> _Input data_:
==*==
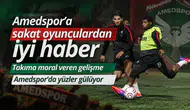 Amedspor'da yüzler gülüyor: Sakat oyunculardan sevindiren haber geldi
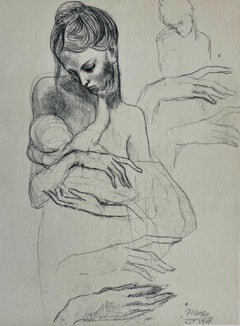 Used Picasso, Mother and Child, Picasso: Fifteen Drawings (after)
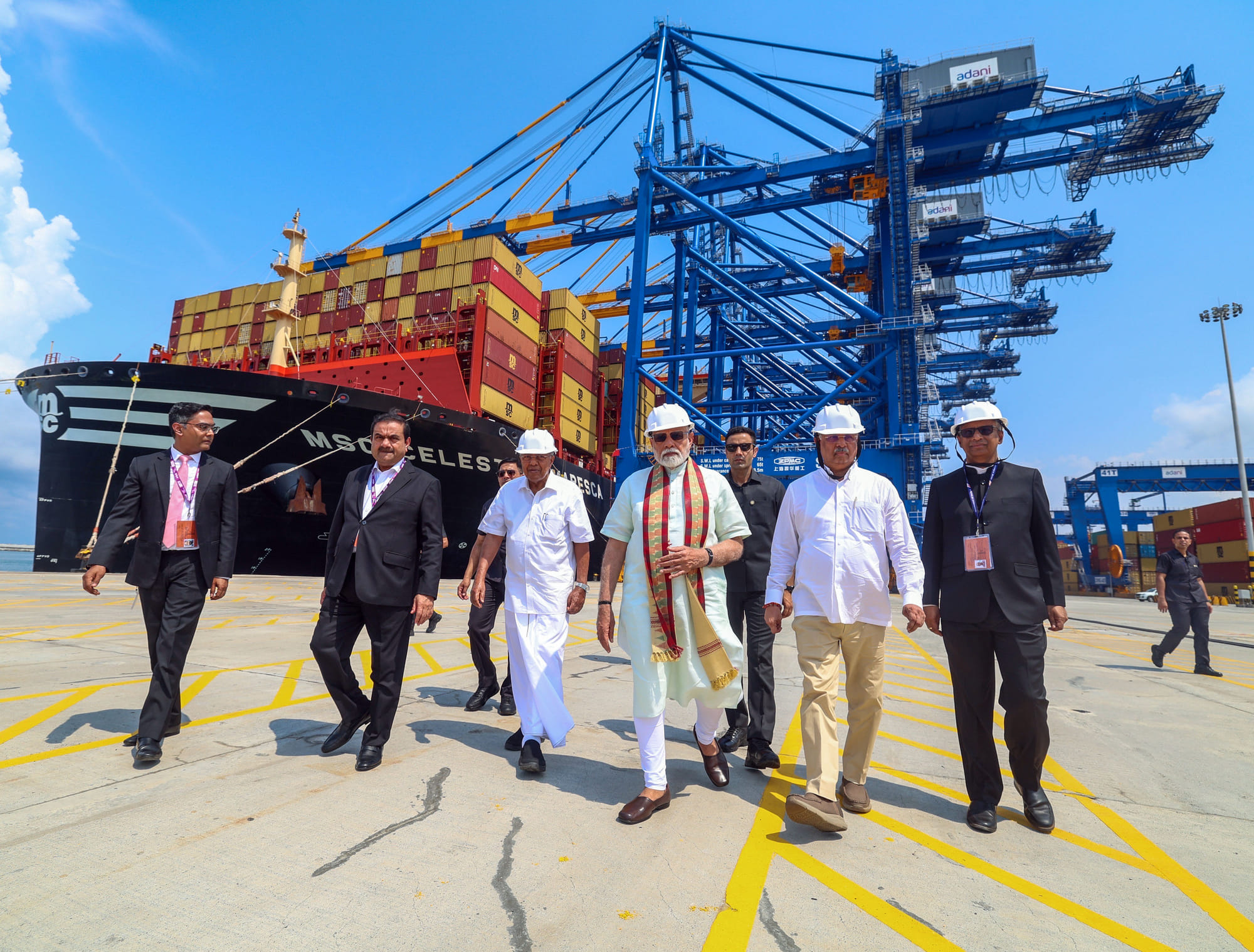 Given his aspirations to be Kerala’s next Chief Minister, V.D. Sateehsan shouldn’t be playing politics with Vizhinjam Port.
==*==
> _What to work on_: Exclude the pictures, and transcribe all of the material exactly.

> _The completed task_:
 Amedspor'da yüzler gülüyor: Sakat oyunculardan sevindiren haber geldi
 Used Picasso, Mother and Child, Picasso: Fifteen Drawings (after)
 Given his aspirations to be Kerala’s next Chief Minister, V.D. Sateehsan shouldn’t be playing politics with Vizhinjam Port.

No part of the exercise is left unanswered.